Just to add to a little bit of useless info along with it, but I do think you've got a misconception.

Full-float axles like the 14-bolt and D60/70 are called full-float because the axle-shafts do not help support the weight of the vehicle in any manner. They are built such that the axle housing carries 100% of the load imposed from the weight of the vehicle, and the axle-shafts are only subjected to the twisting forces imposed from the ring and pinion driving the wheels.

Semi-float axles, like the 10-bolt, 12-bolt, and D44 are called semi-float because in these axles, the axleshafts actually do carry the weight of the vehicle on their outer bearings and are used for weight carrying duty besides transferring the power from the ring and pinion to the wheels.
 
Thank you for the replies.

darenofears, was that truck a dualie?

Another important factor in my idea is having a wide wheelbase to reduce the trailer ride height, to do this you would have to use a super offset rim like a dualie rim or mega spacer. I guess it would be a dualie axle weight rating divided by two.
 
Cybrfire was talking about cutting the spindles off of a 14 bolt and just puting a piece of tube between them. Would work well for trailer axle. The problem you have is, you can't have the center sections there. You want a trailer as low as you can get it. And a 14 bolt or Dana 60 center section will stick up into the deck.
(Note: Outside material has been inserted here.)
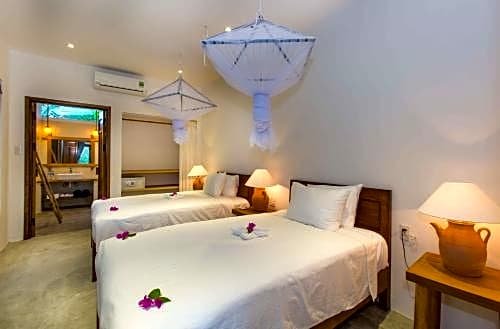 Vina Beach Pool Villas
I wouldn't be expecting the dually rim idea to be kind on wheel bearings at all.
 
Yeah, the dually rim idea you mentioned will beat the living hell out of the wheel bearings and I think be a potential safety hazard as well, because you'd risk then, IMO, a wheel bearing failing while on the highway at 60-70 mph. :eek1: Very, VERY scary thought!
 
I've thought about doing this too though, a little differently. I Was thinking, cut the tube of a 14 bolt right at the differential on both sides, and discard the diff. Now knock the spring perches and shock mounts off the tubes and find a piece of pipe just the right size to sleeve over the axle tubes. Now you can make it the width of a normal trailer axle. For bearing lubrication, I was thinking, cap the ends of the axle tubes before you put them in the big outter tube, and install some sort of drain plug on bottom and fill plug on top to fill each side. For brakes, I figured a hydraulic surge brake setup can be bought with the money you saved on axles, and will be easier to use, cna be used on any vehicle and work better. Not to mention you can just get old work out brake parts off other 14 bolts.
 
That is a real good idea with cutting it and putting a tube in place. This would eliminate the offset wheel idea. I guess installing disc brakes would be even better too.

Thanks guys.
 
old school...

Stock car racers around here have been building car trailers for years that way..they just get a FF 3/4 or 1 ton rear axle ,and cut the tubes off at the differential,and toss the pumpkin in the scrap pile!...pipe is ok,as long as its heavy schedule 40 or 80 grade pipe...most of the guys used square tubing instead,if it was available..most of them just packed the bearings with grease,and drilled and tapped the hubs for zerk fittings..most of them were "dead axle" trailers without springs though..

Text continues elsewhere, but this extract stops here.